Wednesday, July 20, 2011

Quiet Learners

We all know those "rough and tumble" kids, the ones who come into the room loud and boisterous, taking charge and bounding around. I often talk with teachers who want to know what to do with these challenging bundles of energy. But I never hear anyone talk about the quiet kids, the ones who don't make much of a splash when they arrive. But we need to think about how we can teach those kids, too. After all, just because they are quiet doesn't mean they are learning.

Today (in this post from the archive) let's think about those quiet, reflective learners and how our environment can help them.

One of the boys in my class comes into the room quietly. He moves from place to place, seeing what is in the room. He pauses for a few minutes, watching kids build a tower or work a puzzle. He stands near one wall, apart from everyone else, and quietly takes in what is happening throughout the room. I ask, "Would you like to play this game with us?" and he silently shakes his head no. When he does choose something to do, he often finds a quiet activity that he can do alone. He typically chooses a drawing or writing activity, so he can express what he is thinking. He works diligently and smiles when I comment on what he is doing. Rarely do I hear him speak, and when he does, his voice is not much beyond a whisper.

My friend is a reflective, introverted learner. These learners take in lots of information and think about what they see. They enjoy working alone, or maybe one-on-one with an adult. They usually do not enjoy group games or talking with others. They think about how to apply learning to themselves personally and look for ways to process and express their learning...usually through pictures or writing.

Use these ideas to support your reflective learner:
  • Allow a child to watch rather than participate. Reflective learners may learn more through watching a game than doing it. Don't force a child to join in. This can be challenging for teachers; after all, if we see a child not joining in then he's not participating. But quiet learners are participating, just in a different way.
  • Provide quiet activities that allow a child to work alone. Provide areas of the room that allow solitary play. Create spaces for more quiet play.
  • Deliberately find time to spend one-on-one with a reflective learner. Work a puzzle together or talk to him while he draws. Ask questions or make comments but be content if he just smiles, nods, or just continues working instead of responding verbally.
  • In group time, ask a question and allow time before requiring an answer. Say: "Don't tell me yet. Just think about what your answer is." This time allows a reflective learner to process the question and formulate an answer.
  • In a group setting, ask a reflective learner if he would like to add something to the conversation, even if he has not raised his hand or indicated he wants a turn to speak. Often more introverted kids feel unsure about jumping into a conversation. But also accept his choice not to contribute.
  • Play quiet music to create a more contemplative atmosphere.
  • Ask questions or pose problems that allow deeper thinking.
Often these learners can help other children see things in a new way. When they speak, they may offer insights that are original and surprising. Thank God that He has made some of your learners as reflective and introspective. One day these learners may become researchers, philosophers, or inventors. 

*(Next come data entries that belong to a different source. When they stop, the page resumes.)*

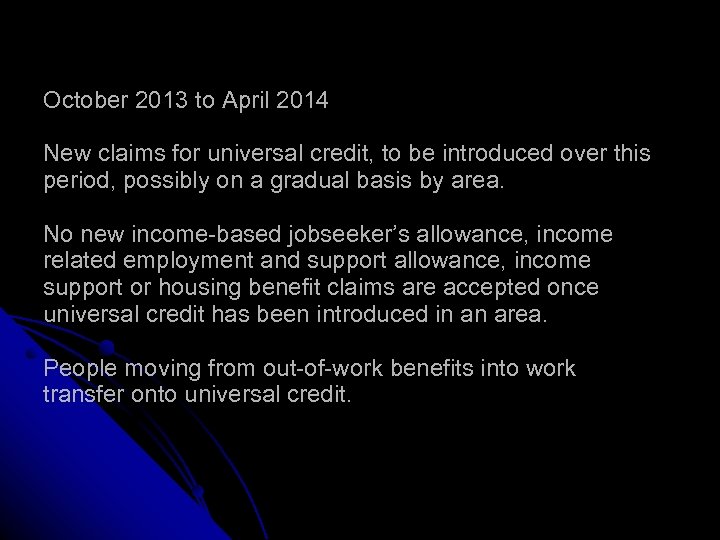 October 2013 to April 2014 New claims for universal credit, to be introduced over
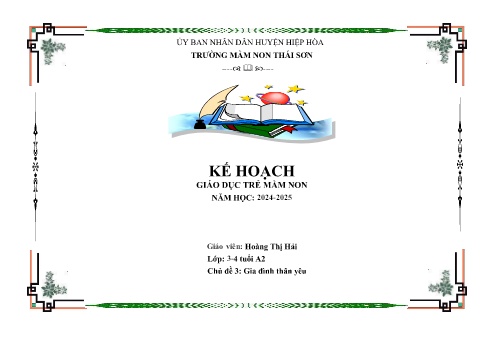 Giáo án Mầm non Lớp Mầm - Chủ đề nhánh: Gia đình của bé - Năm học 2024-2025 - Hoàng Thị Hải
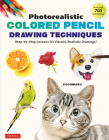 Photorealistic Colored Pencil Drawing Techniques: Step-By-Step Lessons for Vibrant, Realistic Drawings! (with Over 700 Illustrations) By Cocomaru Cover Image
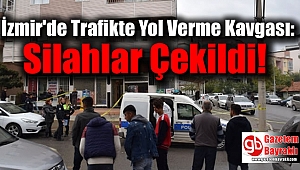 İzmir'de Trafikte Yol Verme Kavgası: Silahlar Çekildi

What ways can you encourage the quiet learners in your classroom?

This post originally appeared on Brick by Brick on May 28, 2009. It has been edited and updated.


  1. I will quietly comment...this is so lovely :) I have had a number of very very cautious students over the years and your tips are right on! I agree that it takes a whole different attention and focus to connect a quieter student versus "calming" a busier student. Intentional teaching - well done!

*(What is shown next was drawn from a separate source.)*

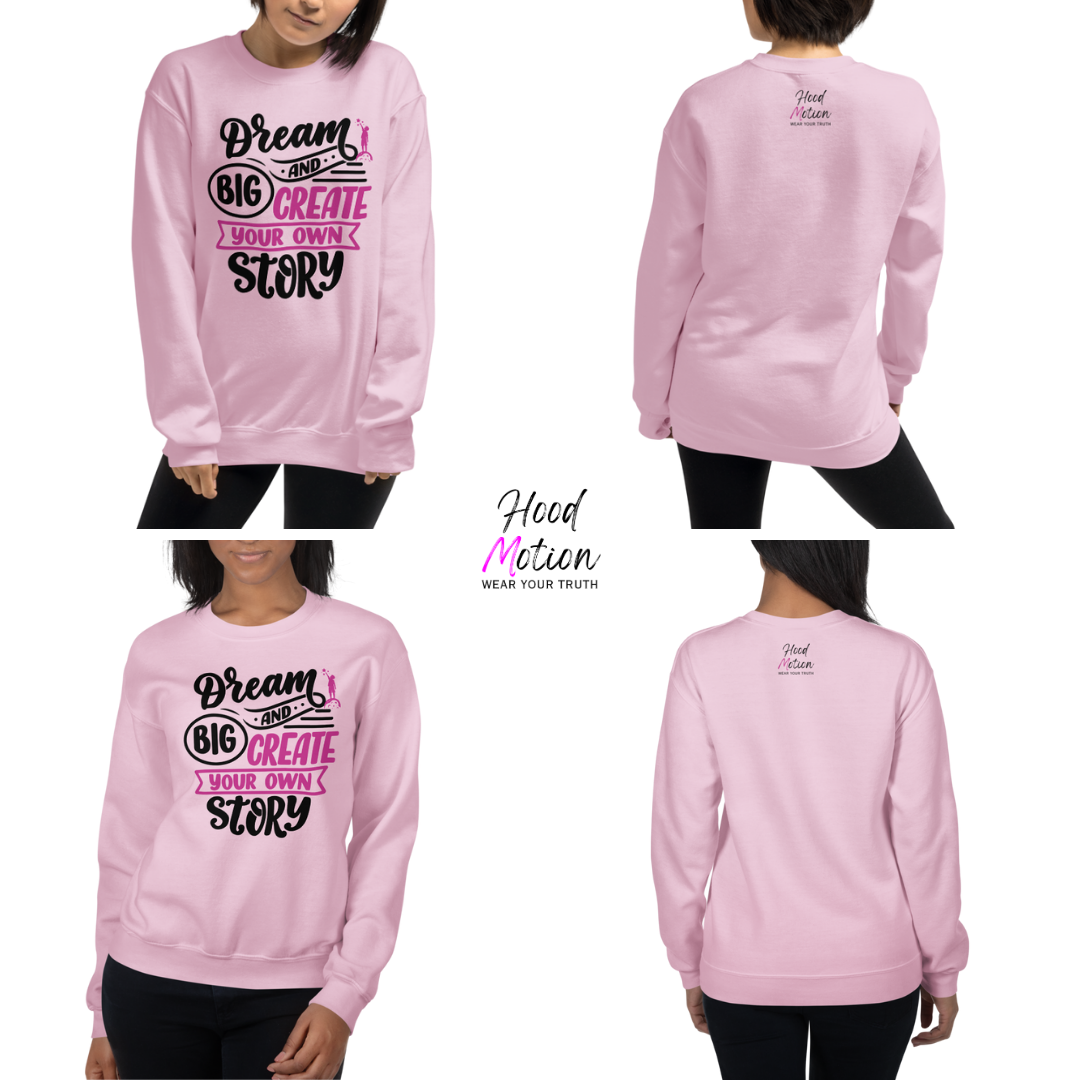 Dream Big and Create Your Own Story - Unisex Sweatshirt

  2. Yes, yes, yes. Thank you from a 'quiet learner'. I have never forced a child to participate... I think that's quite abusive, actually. Some of us DO learn by watching and considering.

    I think the 'child with no friends' is another one to handle with care. Some children would simply rather do things alone, and I respect that. Peer relationships are a tricky thing and can't be forced.

  3. Nice article - it goes right along with my post yesterday -
    Thanks for sharing your thoughts - I am sharing this on my wall! :)

  4. Thanks for another great blog, Scott. I often find myself having to reassure parents that because their child likes their own company does not mean they are unhappy. Now thanks to you I have a new term to give them 'reflective learner'.

  5. I think you just described me as a child beautifully Scott ... Nice post and good advice!